Though this film's Van Helsing (lank, loopy Peter Fonda) sleeps inside a grand piano, Nadja is a fairly close reading of the Stoker tale. What distinguishes it is its serenely mannerist glamour. Almereyda shot parts in glorious "Pixelvision"--with a toy camera that gives the most garish images the patina of a dreamscape. Nadja is beyond a midnight movie; it's a late late show for the artistic couch potato.
6. When in doubt, do it again. A few years ago, Robert Rodriguez made the tamale western El Mariachi for an impossibly low $7,000. Now he has made a sequel--for 1,000 times the budget, which is still nothing to Hollywood accountants. This time it's called Desperado. The avenging guitarist is played by actual movie star Antonio Banderas, but he's still a reluctant gunaholic. ("Bless me, Father," he confesses, "for I have killed quite a few men.") Salma Hayek, a Tex-Mex houri with soulful eyes and bosoms till Tuesday, is the sex interest. And Living in Oblivion's Buscemi drops by to give Desperado the Indie Seal of Approval.
Rodriguez has gone from backyard to back lot in one jump, but he hasn't lost his pizazz as director and editor. The picture is great kinetic fun--an explosion of pop talent. As El Mariachi says, "It's easier to pull the trigger than to play a guitar--easier to destroy than to create." Rodriguez does both. Scaling the studio wall with this vigorous remake, he proves he can be both an artist and a hired gun. His future will be fun to watch.
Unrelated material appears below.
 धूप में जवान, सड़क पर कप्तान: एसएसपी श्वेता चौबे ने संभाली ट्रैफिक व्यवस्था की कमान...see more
There's nothing radical about most of these independent films; they're call-ing cards for directors with Hollywood dreams. They take old-fashioned genres and show the big boys how to do it in an even more old-fashioned way: small, smart and cheap. For these pictures are the soapbox racers that dare to compete against the sleek but bland big-studio vehicles. And who wouldn't prefer the Indie 500 to Hollywood's Formula One?